═════ Exercise inputs ═════

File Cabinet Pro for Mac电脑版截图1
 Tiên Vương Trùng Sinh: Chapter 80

═════
═════ Exercise inputs ═════

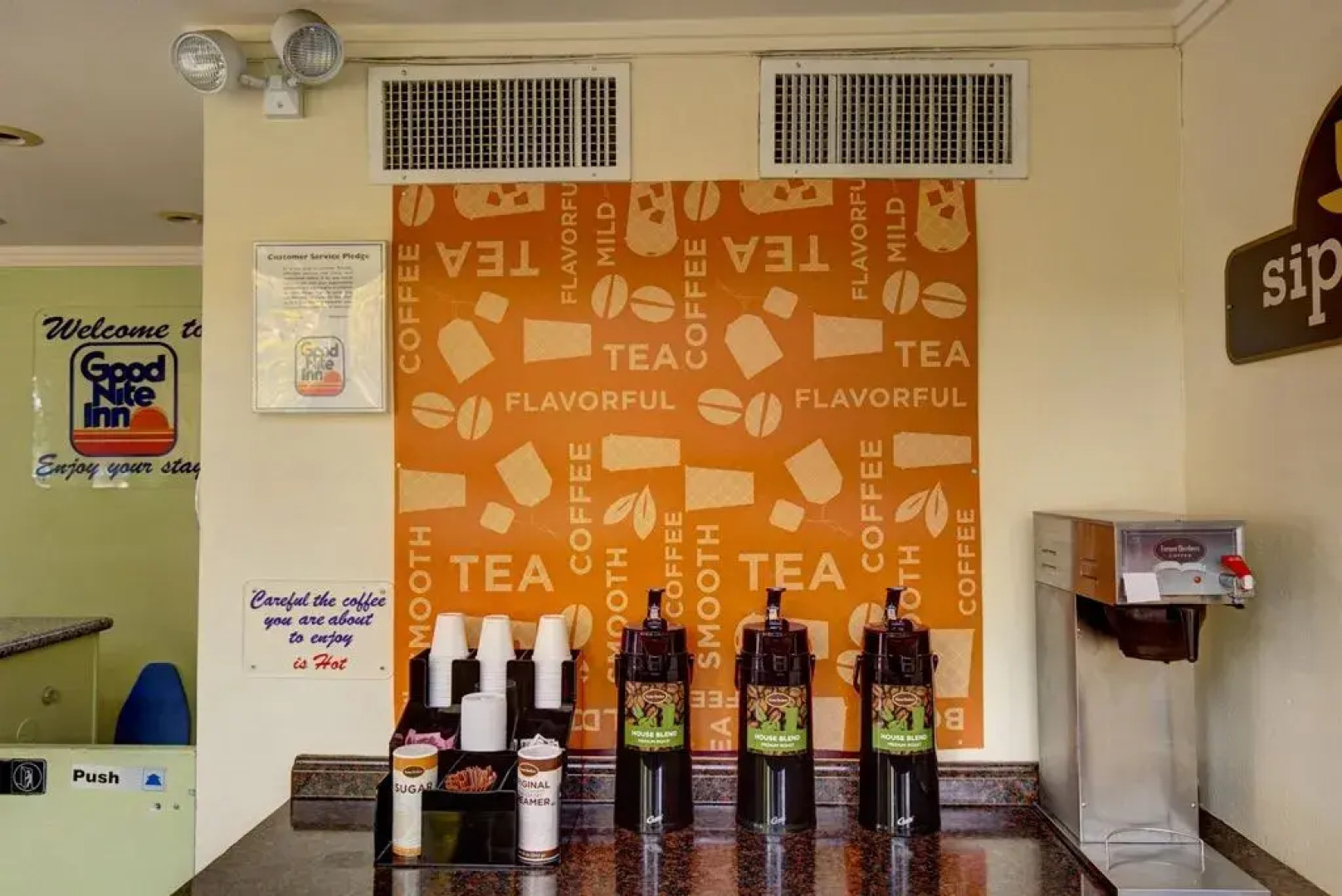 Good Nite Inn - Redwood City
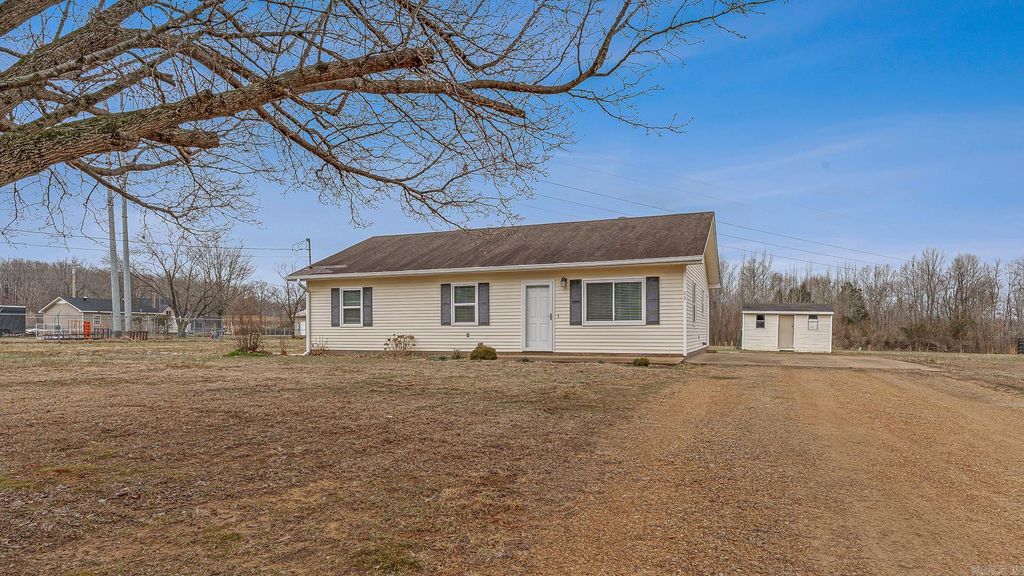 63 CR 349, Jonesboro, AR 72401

═════

◆ Problem details
Using the entries above, transcribe exactly from the line that has "Good Nite Inn - Redwood City" through the line that has "63 CR 349, Jonesboro, AR 72401". Pictures are dropped.

◆ Solution for this exercise
 Good Nite Inn - Redwood City
 63 CR 349, Jonesboro, AR 72401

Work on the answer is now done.